In Britain, leaf mold is the connoisseur's choice for mulching perennial gardens. It's easy to see why this cocoa brown, sweet-smelling, moisture-retentive mulch is so popular. In the U.S., few gardeners even know what it is. That's probably because the only way to get leaf mold is to make it yourself.
Leaf mold is nothing more than partially decomposed leaves that are somewhere along the continuum between shredded leaves and humus. If you wonder what it looks like, next time you're in the woods, just kneel down and push away a small area of dry leaves. Underneath, you'll reveal a layer of leaf mold — a crumbly brown material with a pleasant, earthy scent.
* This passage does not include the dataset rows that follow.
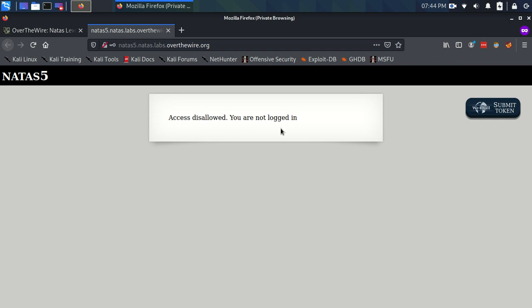Cookies are used for loads of different reasons. There are authorization cookies — when you're logged in, maybe you have a specific cookie that says to the server you're logged in to this particular user, all done in a secure and encrypted way, you would hope.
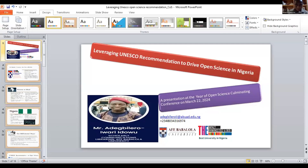Our last presentation is 'Leveraging UNESCO Recommendations to Drive Open Science in Nigeria,' presented by — I'm not going to make the same mistake twice, how do you pronounce your name? Good afternoon, good morning, good evening from Nigeria. I'll be speaking on the topic of leveraging UNESCO to drive open science in Nigeria.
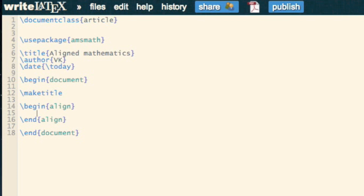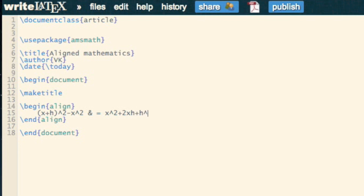Let's write down what we want — the proof of what (x plus h) squared minus x squared is equal to. We want it to look nice, so I use an ampersand there, and that is equal to x squared plus 2xh plus h squared minus x squared.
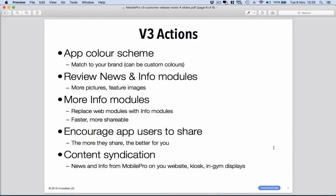And then finally, the content syndication, very powerful, allows you to keep the news and info up to date in Mobile Pro, and it appears in sync on your website and around your center. So that's V3. We hope you like it. And that's it from us for now. Thank you!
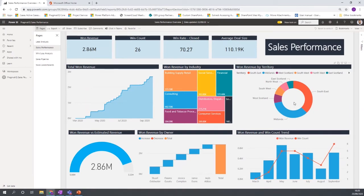We also have a donut chart showing how won revenue is split across territories — the Southeast and Midlands are performing well. There's also a gauge visual, which is great for sales managers: it shows won revenue versus estimated revenue. For this period, the estimated revenue was £3.22 million but the actual won revenue was £2.86 million — useful information showing that sales personnel are slightly overestimating their opportunities compared to actual deals closed. You can also plot trend lines on charts to visualize progress or highlight areas that need improvement.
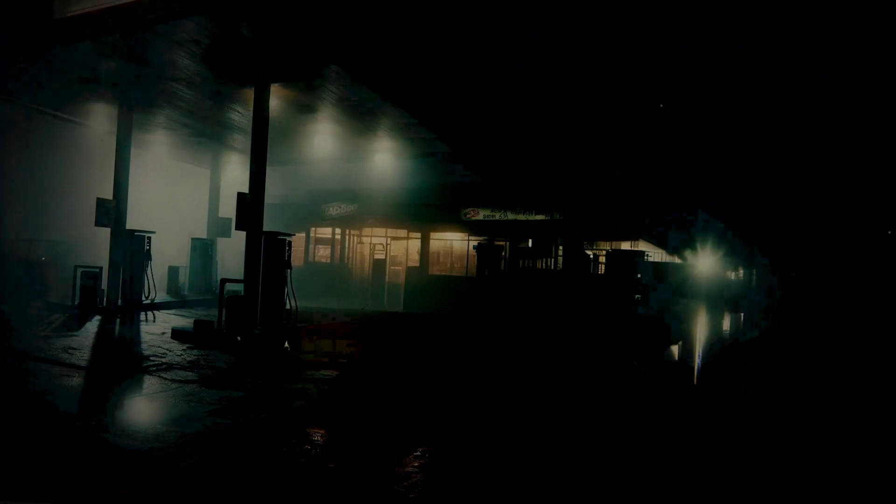Nights are mostly quiet, just me and the occasional visitor popping in for some late-night necessities. That was the norm, until this one night flipped everything upside down.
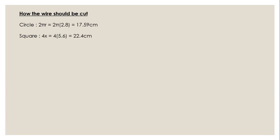How the wire should be cut? The length of the wire that we need for the circle to be cut is 17.59 cm and for the square is 22.4 cm.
Leaf mold has several great attributes. The first is that it can hold up to 500 percent of its own weight in water. Besides helping retain moisture in the soil by reducing evaporation, leaf mold also absorbs rainwater to reduce runoff, and in hot weather, it helps cool roots and foliage.
Most leaves are slightly acidic when they fall, with a pH below 6. However, as the leaves break down into leaf mold, the pH goes up into more a neutral range. Leaf mold will not correct pH problems, but will have a moderating effect.
Over time, yearly applications of leaf mold mulch can significantly improve the quality of your soil. The result will be better water-holding capacity, a more friable texture, and an increase in beneficial soil life. Though leaves are not high in nitrogen, phosphorus and potassium, tree roots mine calcium, magnesium and many other trace minerals from the soil and your garden will also benefit from these nutrients.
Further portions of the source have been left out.